I tweeted and facebooked this Japanese phrase the other day and I’m sure many people wondered what on earth was going on. I started learning a bit of Japanese a few years ago and even though I’ve never managed to get very far with it because life gets in the way (a poor excuse) I’ve learnt the odd thing which has stuck.
Shouganai (しょうがない), or shitaka ga nai (しかたがない), is best translated as “it can’t be helped”, “nothing can be done” or as Rachel and Jun put it “shit happens”. Put these phrases into Google and you’ll get a huge list of articles and blogs on an interpretation which I paraphrase here: growing up in a western culture we’re always taught that you can make a difference to things, you shouldn’t stand by and let unjust or unfair things just happen. For most parts of my life I take on this wholeheartedly – I’ve been to many demonstrations and marches in my time (Protest the Pope, London Cycling Campaign, Stop Killing Cyclists etc). But shouganai is not necessarily to show restraint (this would more accurately be said as gaman) but perhaps as just letting the small things go. But not in a Frozen way. Because I hate that song.

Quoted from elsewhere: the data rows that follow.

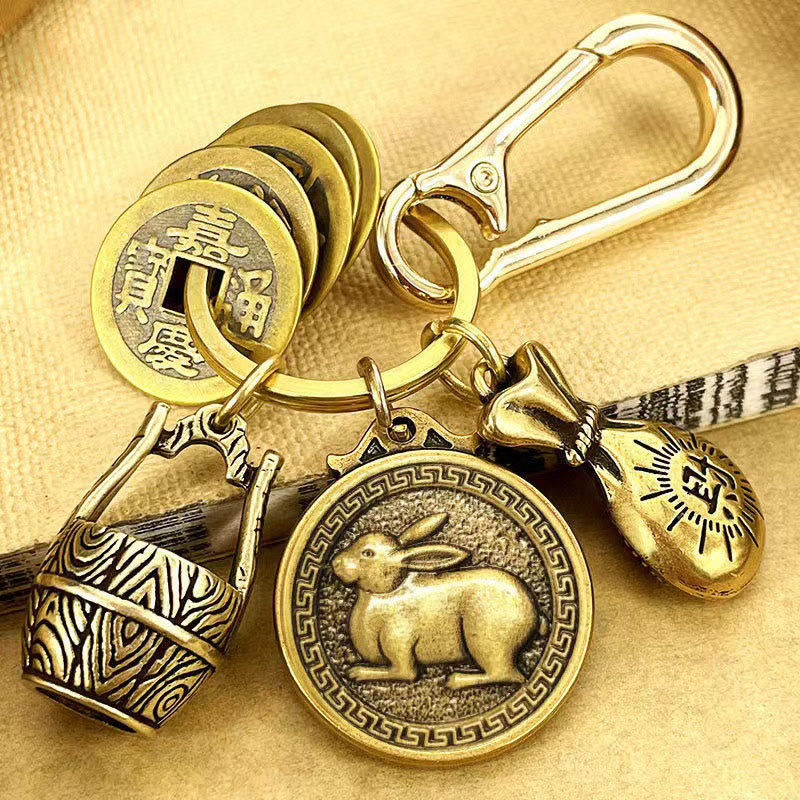 FuAttract Fortune Protection Energy Flow Chinese Zodiac Brass Keychain - Rabbit - image 3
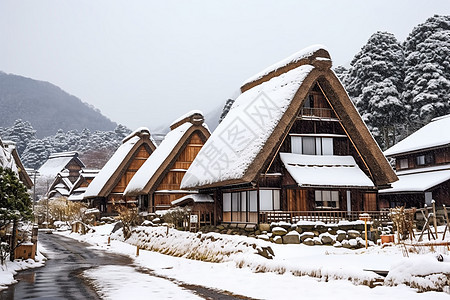 雪中传统农舍图片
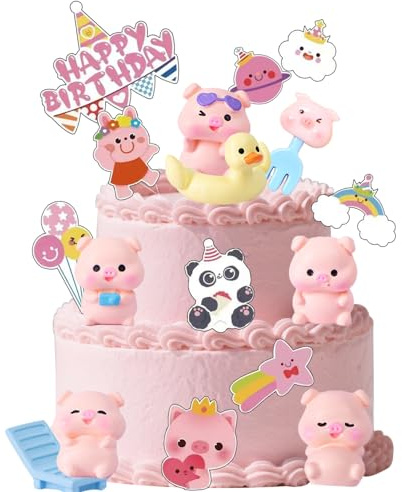 Piggy Tortendekoration, Miniatur Schwein Figuren, Rosa Party Dekoration, Regenbogen Glücksschwein Geburtstagstorte, Cupcakes, Tier Dekoration Zubehör, Strand Stühle Panda Enten Geburtstag Zubehör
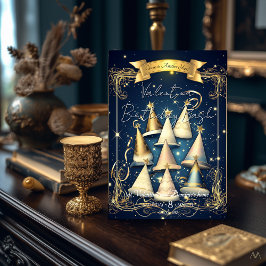 Convites Chapéu de Aniversário Elegante | Dourado e Azul-Ma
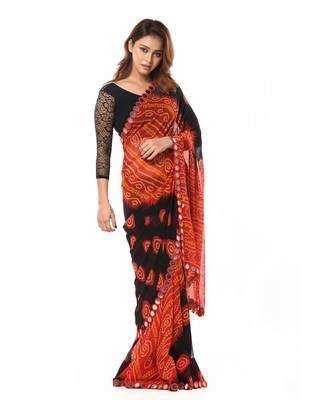 Red and Black Bandhani Wrap in 1 Minute Saree 3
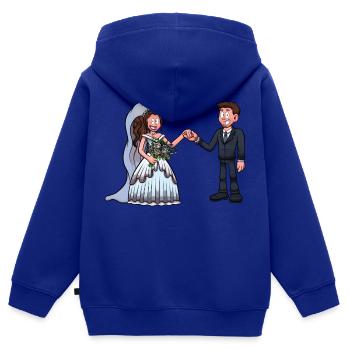 Mariée et marié - Sweat Premium à capuche zippé enfant bio - bleu roi - Dos - AI Model Kid Male (0cm)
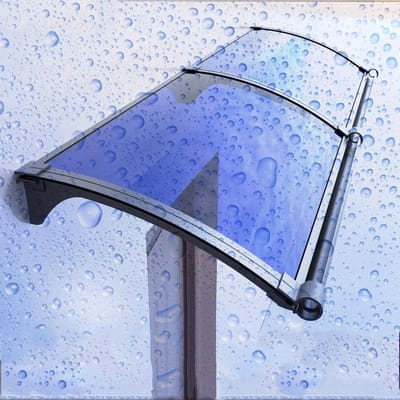 Deur Luifel - Regenscherm Overkapping - Huis Beschermen - UV-bestendig Polycarbonaat - 45x50cm - Zwart Blauw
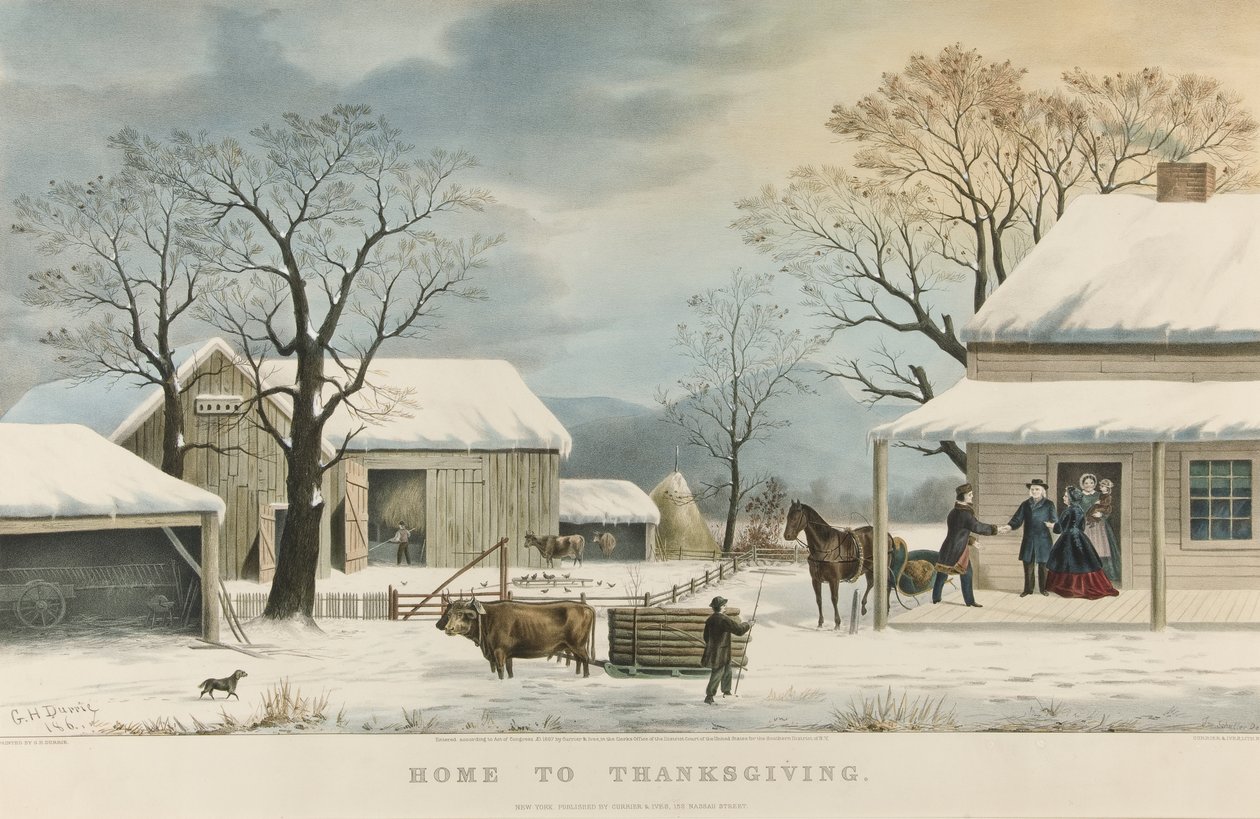 Dom na Święto Dziękczynienia autorstwa Currier and Ives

I’m not going to add to all the blogs out there by discussing the nuances of the translation for shouganai. It is what it is (very meta). I want to spark a thought in your head as to how you can use shouganai yourself because I feel it’s given me a lot of peace and calm, and a less stressed way of living day to day.
The annoying colleague at work is doing their best to wind you up? Shouganai.
You spend 10 minutes trying to find your car in the car park? Ha, shouganai. Silly.
Stuck in a traffic jam on your way home? Shouganai (you can solve that by getting on a bike though. Still, shouganai).
Pigeon pooped on you? Shouganai.
You get the idea.
All of these scenarios have the potential to really ramp up your blood pressure and get you thoroughly peed off but if you learn to shrug, take a deep breath and say shouganai hopefully you’ll soon be on your way to living a reduced stress life. Try it, it’s helped me. It’s certainly improved my mental health. Had a crap day? Shouganai. Tomorrow is a new day.